Fuchsia Archive Format

An archive is a sequence of chunks:

  • The first chunk is the index chunk, which describes where other chunks are located in the archive.
  • All the chunks listed in the index must appear in the archive in the order listed in the index (which is sorted by their type).
  • The archive may contain additional chunks that are not referenced in the index, but these chunks must appear in the archive after all the chunks listed in the index. For example, content chunks are not listed in the index. Instead, the content chunks are reachable from the directory chunk.
  • The chunks must not overlap.
  • All chunks are aligned on 64 bit boundaries.
  • All chunks must be packed as tightly as possible subject to their alignment constraints.
  • Any gaps between chunks must be filled with zeros.

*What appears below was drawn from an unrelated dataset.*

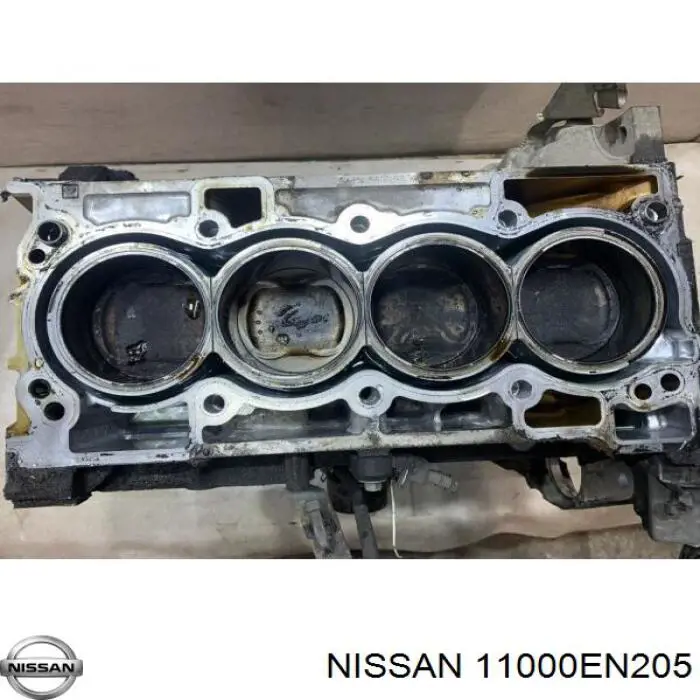 11000EN205 Nissan/Infiniti Блок циліндрів двигуна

All offsets and lengths are encoded as unsigned integers in little endian.

Index chunk

The index chunk is required and must start at the beginning of the archive.

  • 8 bytes of magic.
    • Must be 0xc8 0xbf 0x0b 0x48 0xad 0xab 0xc5 0x11.
  • 64 bit length of concatenated index entries, in bytes.
  • Concatenated index entries.

No two index entries can have the same type and the entries must be sorted by type in increasing lexicographical octet order (e.g., as compared by memcmp). The chunks listed in the index must be stored in the archive in the order listed in the index.

Index entry

  • 64 bit chunk type.
  • 64 bit offset from start of the archive to the start of the referenced chunk, in bytes.
  • 64 bit length of referenced chunk, in bytes.

Hash chunk (Type 0x00 0x00 0x00 0x00 0x00 0x00 0x00 0x00)

The hash chunk is optional.

  • 32 bit hash algorithm identifier.
    • Must be 1.
    • Identifies “SHA-256”.
  • Hash data.
    • 32 bit length of hash.
      • Must be 32.
    • Octets of hash.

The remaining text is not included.